[Source data Boundary: Start]

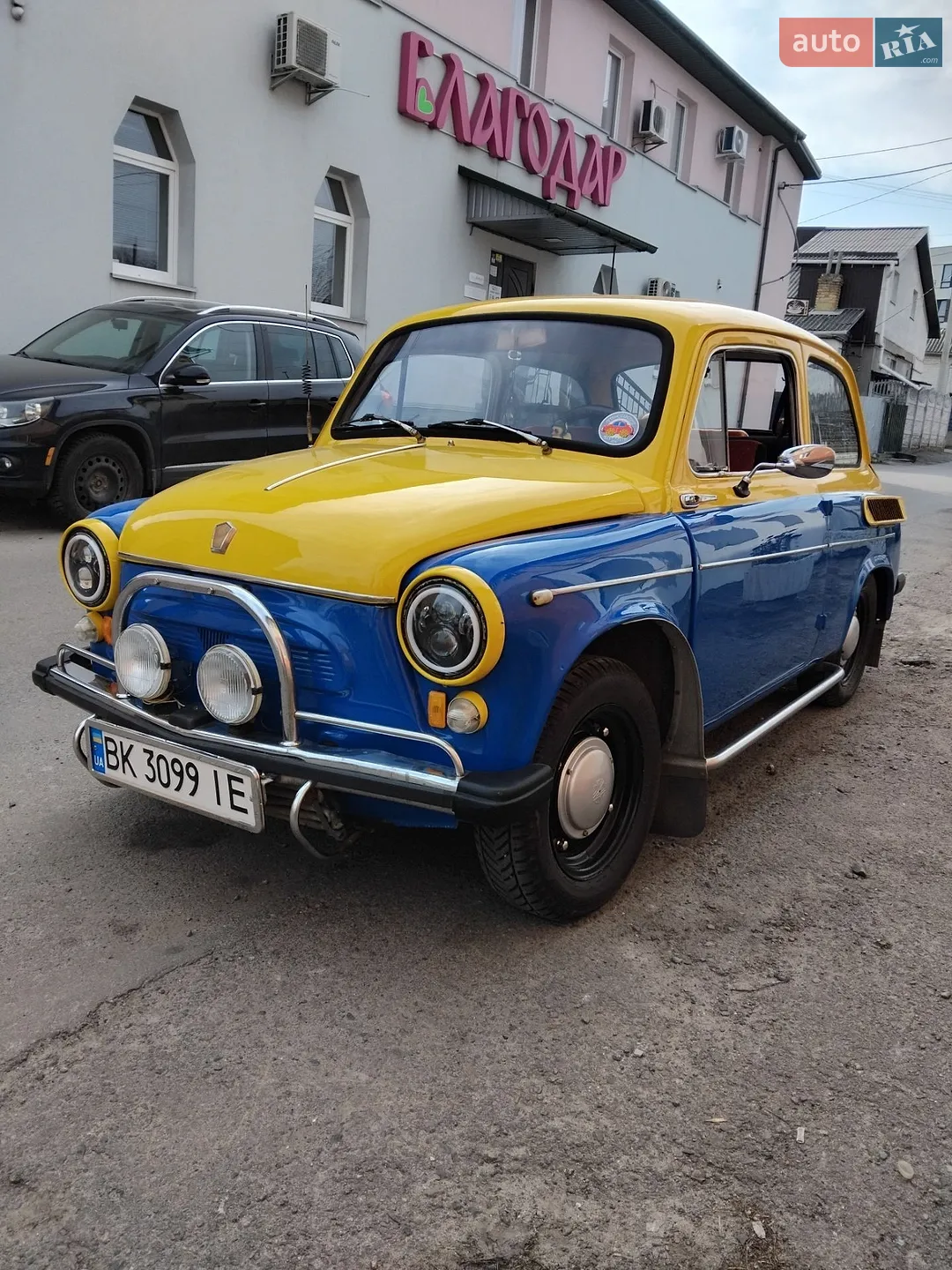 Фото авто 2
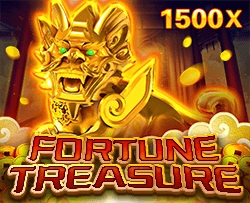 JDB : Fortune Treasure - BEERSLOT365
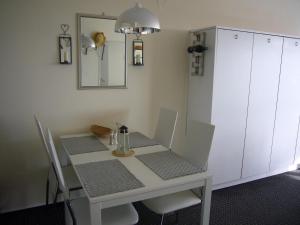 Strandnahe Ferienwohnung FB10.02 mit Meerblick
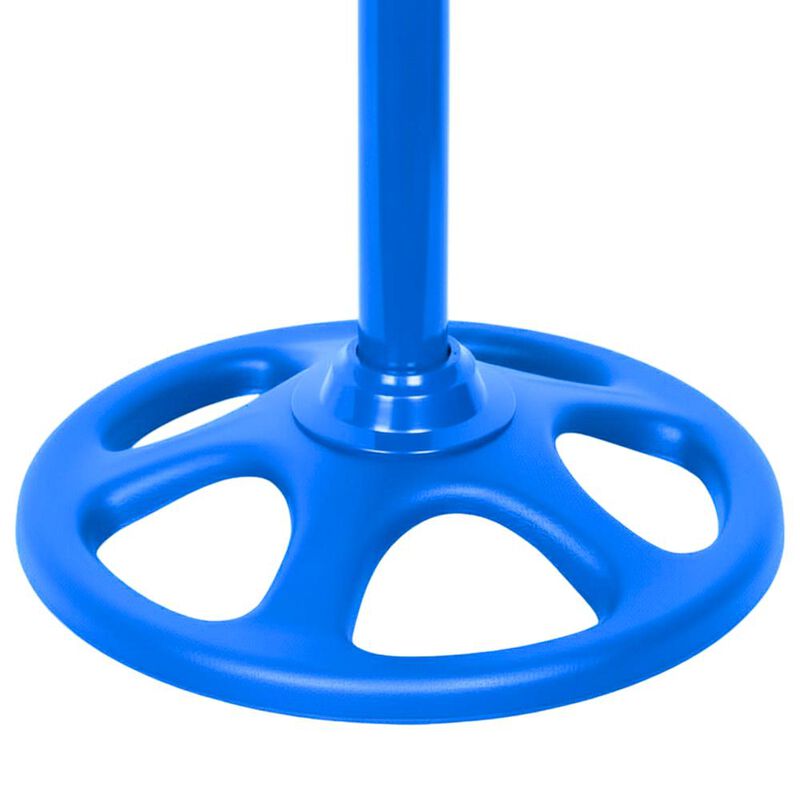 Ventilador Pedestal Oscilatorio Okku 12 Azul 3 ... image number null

[Source data Boundary: End]

● To do
Return the whole listing word for word. Pictures stay out of it.

● Answer to this task
 Фото авто 2
 JDB : Fortune Treasure - BEERSLOT365
 Strandnahe Ferienwohnung FB10.02 mit Meerblick
 Ventilador Pedestal Oscilatorio Okku 12 Azul 3 ... image number null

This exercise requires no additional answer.